All's Well is the fourth extended play by American singer Jesse McCartney. It was released on April 5, 2024, by Blue Suit Records. The EP marks the artist's first release of original music since the COVID-19 pandemic, and following his previous album New Stage.

==Background==
In 2019, McCartney stated "As I get older I do understand and realize what the important things are in life because trying to juggle a personal and professional life can be complicated.". But due to the COVID-19 pandemic McCartney had to take a step back from everything he was gearing up for, but what helped him in this new stage of life was his then fiancé Katie Peterson

"The COVID-19 pandemic marked a dark period in his life, as it did for many people. This project became an outlet to share those feelings and an opportunity to connect deeper with his audience."
— Piper, on the release.

McCartney self described this release as "a collection of songs I've been working on over the last year." and admitted his admiration to old school '70s pop as his inspiration. Though much like his previous release, he cites his wife as a key influence as he continues entering new stages in his life.

==Singles==
"Faux Fur", "a retro R&B groove and funk, layered with soulful vocals" was released as the first single on January 24, 2024. The track ended on Rolling Stone Magazine's "Songs You Need To Know" list.

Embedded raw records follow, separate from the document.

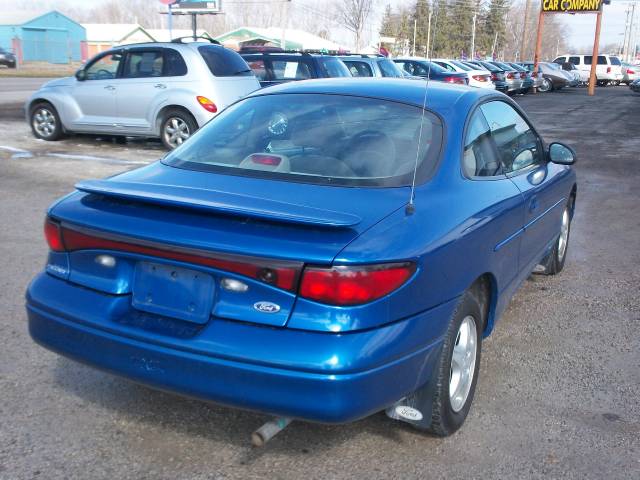 Ford Escort 1999 photo 3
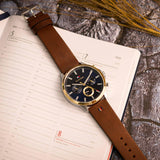 Ανδρικό ρολόι Tommy Hilfiger Ryder 1710496 με καφέ δερμάτινο λουράκι και μπλε καντράν διαμέτρου 44mm με ένδειξη ημέρας-ημερομηνίας.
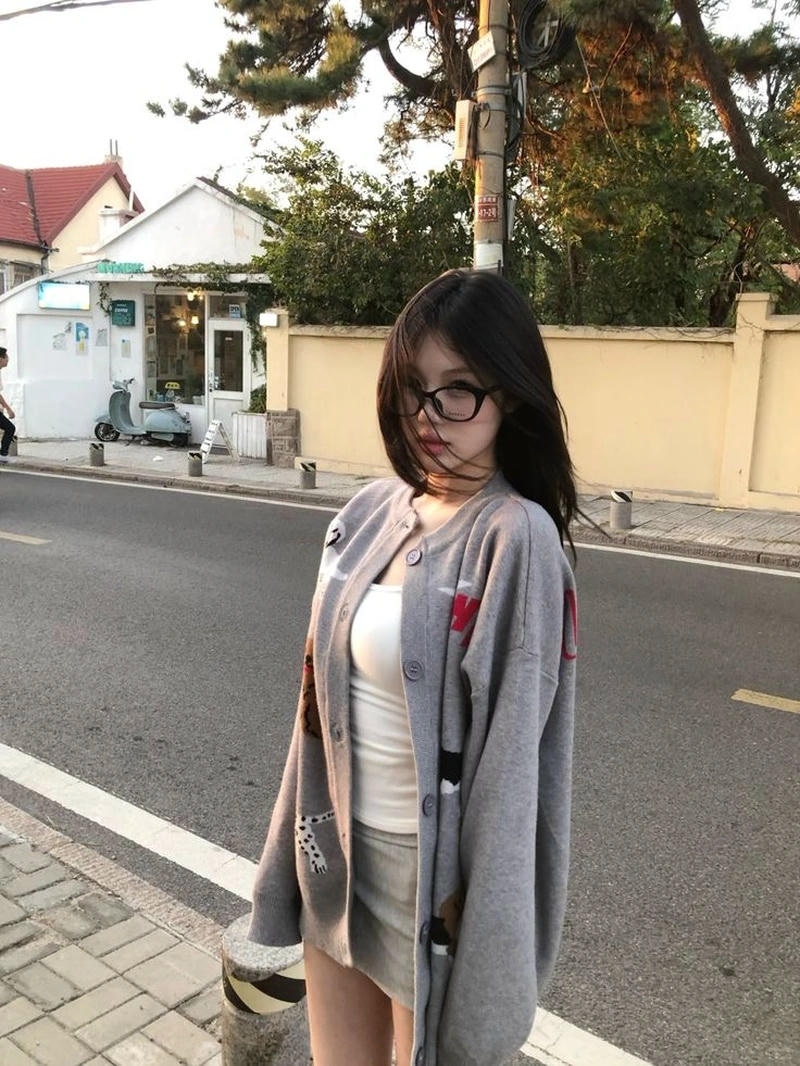 Phong cách gái đeo kính xinh đẹp trong concept hiện đại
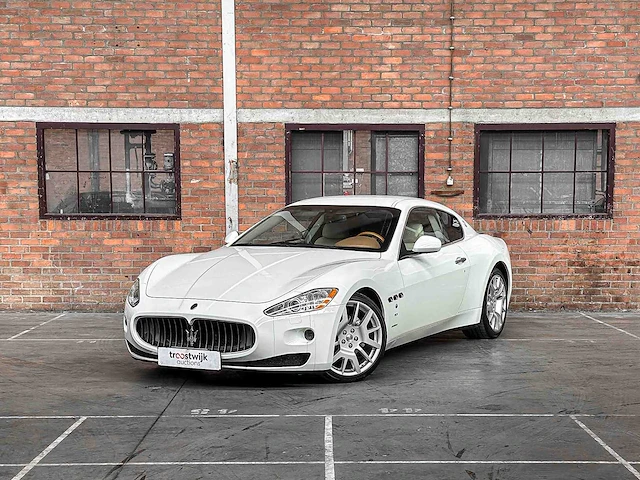 Maserati granturismo 4.2 v8 405pk 2008 youngtimer - afbeelding 3 van  45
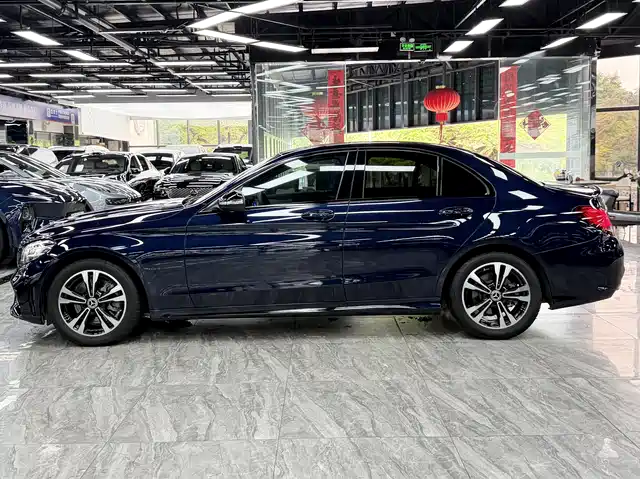 Mercedes-Benz C-Class 2019 C 260 Sport — фото 4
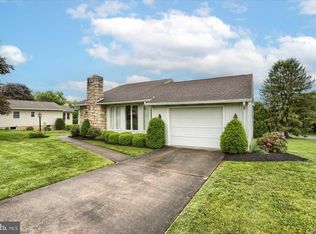 438 N 4th St, Halifax, PA 17032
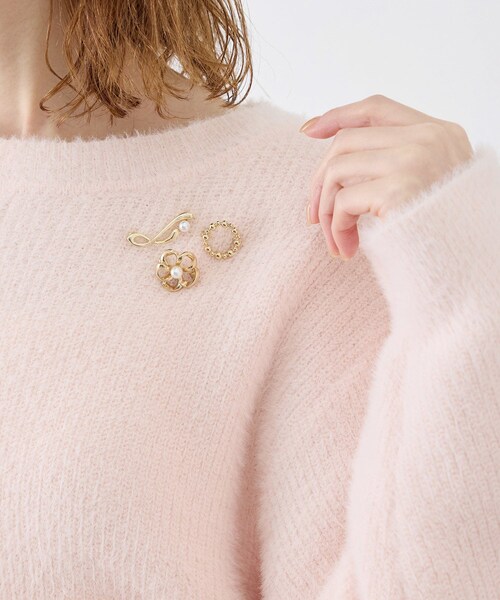 ROPE' PICNIC(ロペピクニック)の「フラワーモチーフプチブローチセット(ブローチ/コサージュ・レディース・ゴールド/シルバー・F)」の4枚目の写真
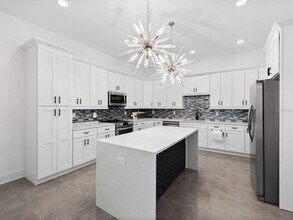 5002 W Idaho St in Tampa, FL - Building Photo - Building Photo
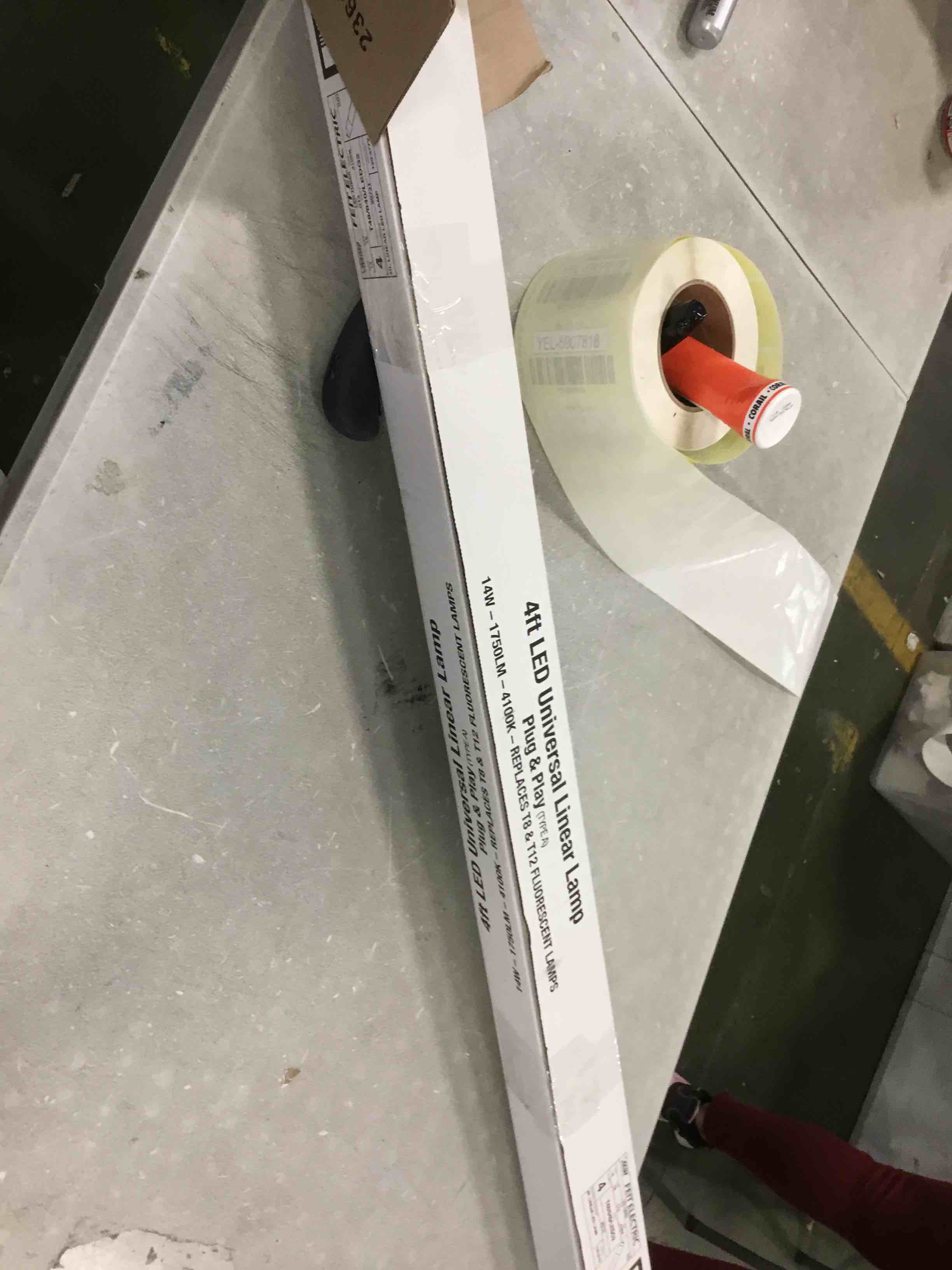 https://s3.amazonaws.com/lotting-images-prod/bidfta/YEL5907812_1711137123827.jpeg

The second single, "Make A Baby" (featuring Yung Gravy), was released on March 1, 2024.

==Critical reception==
The EP received generally positive reviews from music critics. Martina Rebecca Inchingolo from ABC News reviewed the release as his music is aging like "fine wine" and his way of communicating his experiences through his music is his best way possible. Ending the review stating "short but sweet EP that celebrates life, love, and lust."

Emily Piper from Technique stated "McCartney has always been a strong force in the music industry, and 'All's Well' only supports his claim to fame. This project is a reflection of the maturity and experiences he achieved across his life. Whether in the darkness or light, there is a song to speak to everyone and a story to unify its listeners."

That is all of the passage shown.